Among the performers at these programs: Conductors Larry Rachleff, Daniel Lewis, Donald Crockett and Douglas Lowry; violinist Eudice Shapiro, and soprano Janice McVeigh.

Funding these programs is a $36,000 grant from the E. Nakamichi Foundation.

BRIEFLY: Western Opera Theater embarks today on the first leg of its 1990-91 national tour. Between today and Nov. 11, the San Francisco Opera-affiliated touring company will visit communities in 13 states, from California to New Jersey, from Oregon to Massachusetts to Florida. Donizetti’s “Lucia di Lammermoor,” in its first WOT staging--directed by Albert Takazauckas and conducted by Carol I. Crawford--is the opera of choice this season. The California segment of the tour is funded by a major grant of $50,000 from Pacific Telesis Foundation.
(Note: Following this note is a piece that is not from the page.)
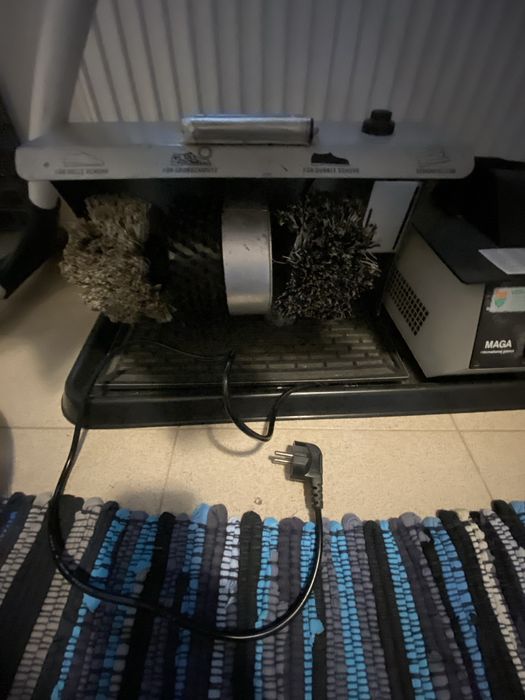 Curatator pantofi , polish pantofi, accesoriu curatare pantofi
During the California segment of the winter tour, Jan. 22-Feb. 3, the company will perform in Bakersfield, Claremont, Hayward, Irvine and San Bernardino. . . . The Monday Evening Concert season begins Oct. 1 with a performance by the touring Grupo Encuentros de Musica Contemporanea de Buenos Aires, conducted by artistic director Alicia Terzian. . . . “High Fidelity,” Allan Miller’s film about the Guarneri String Quartet, will play a limited engagement at the Laemmle’s Monica Theater in Santa Monica, Nov. 21-Dec. 6. . . . The Boston Symphony’s 1990 summer season at Tanglewood broke its own attendance record; the new record is 311,533, up from the 1989 figure of 311,501.